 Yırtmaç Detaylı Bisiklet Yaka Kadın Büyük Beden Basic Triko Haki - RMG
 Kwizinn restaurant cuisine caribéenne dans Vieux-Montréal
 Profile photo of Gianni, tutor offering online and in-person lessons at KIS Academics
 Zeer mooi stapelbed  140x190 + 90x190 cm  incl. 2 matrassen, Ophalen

* * *

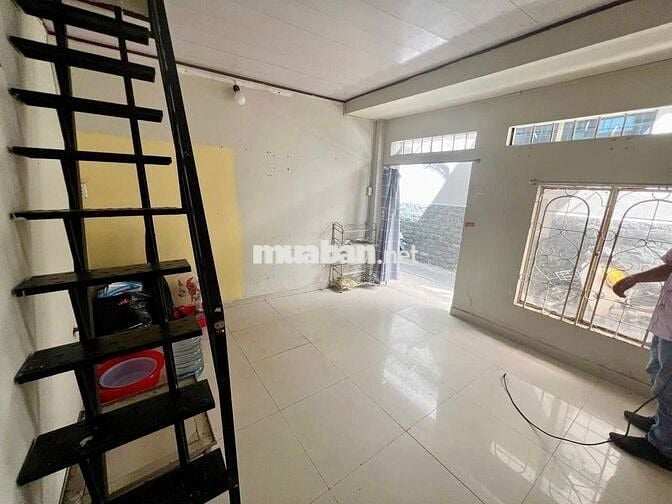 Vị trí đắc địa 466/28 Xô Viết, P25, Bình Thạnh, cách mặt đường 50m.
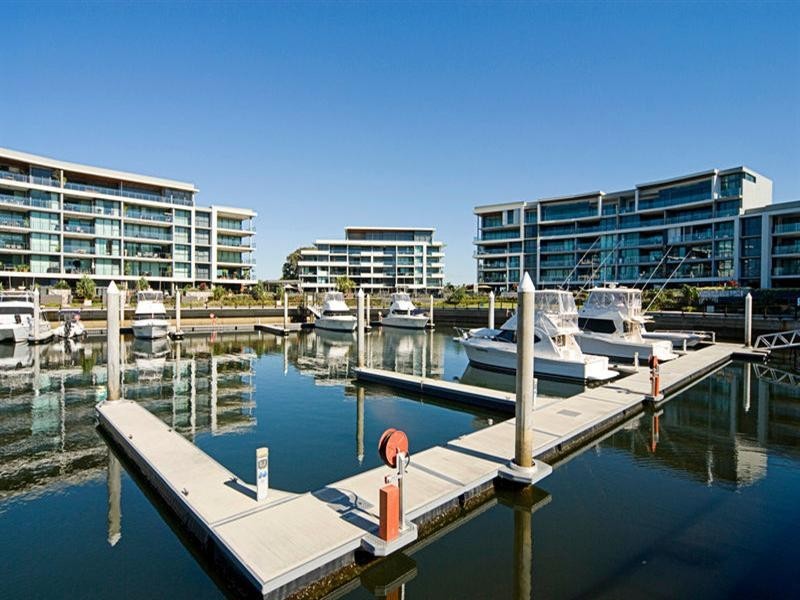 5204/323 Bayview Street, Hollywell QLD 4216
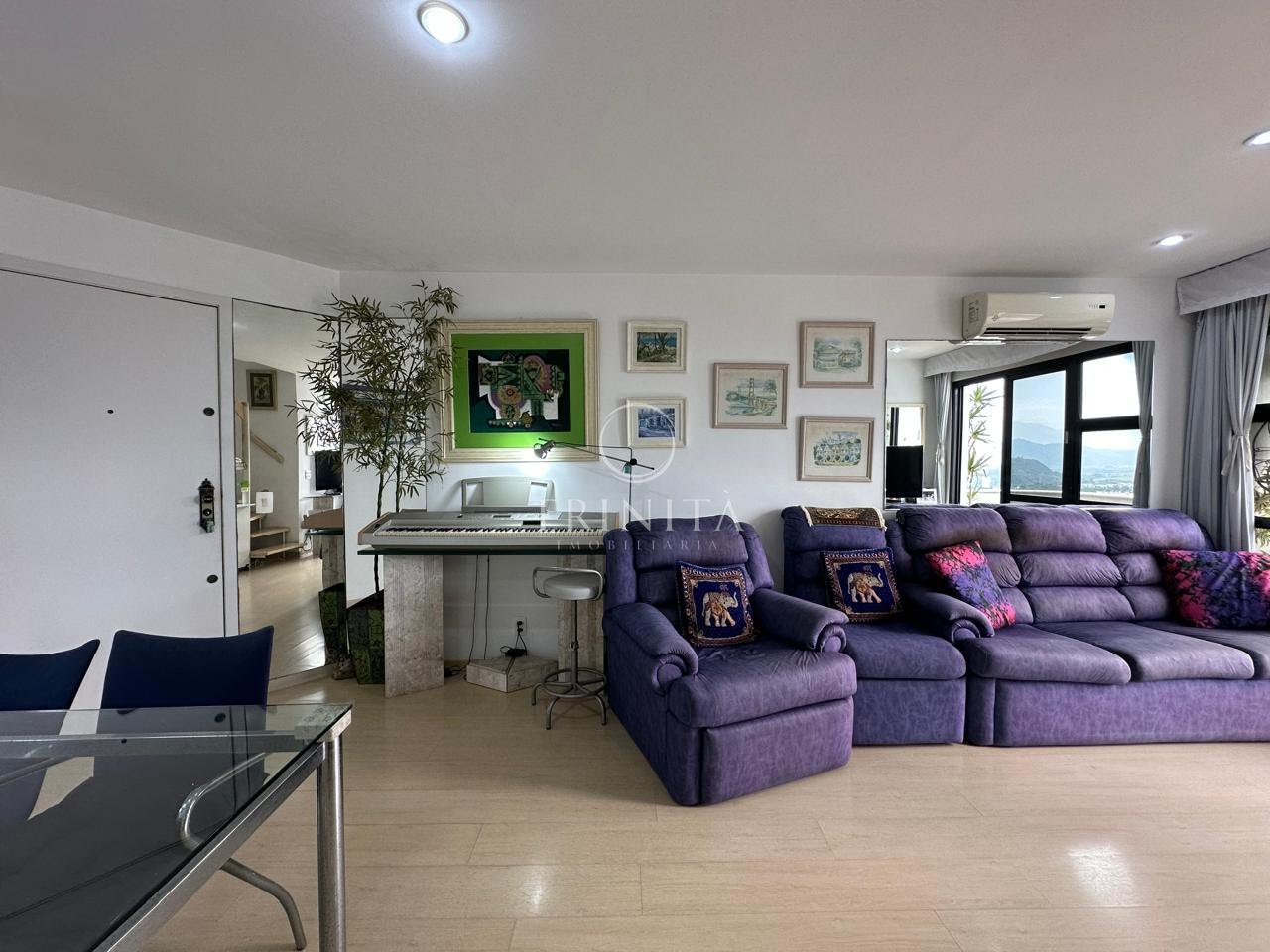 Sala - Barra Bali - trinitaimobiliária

_Exercise objective_: In the entries above, which lines run from the one with "5204/323 Bayview Street, Hollywell QLD 4216" up to and including the one with "Sala - Barra Bali - trinitaimobiliária"? Write them out exactly, without the pictures.

_Exercise result_:
 5204/323 Bayview Street, Hollywell QLD 4216
 Sala - Barra Bali - trinitaimobiliária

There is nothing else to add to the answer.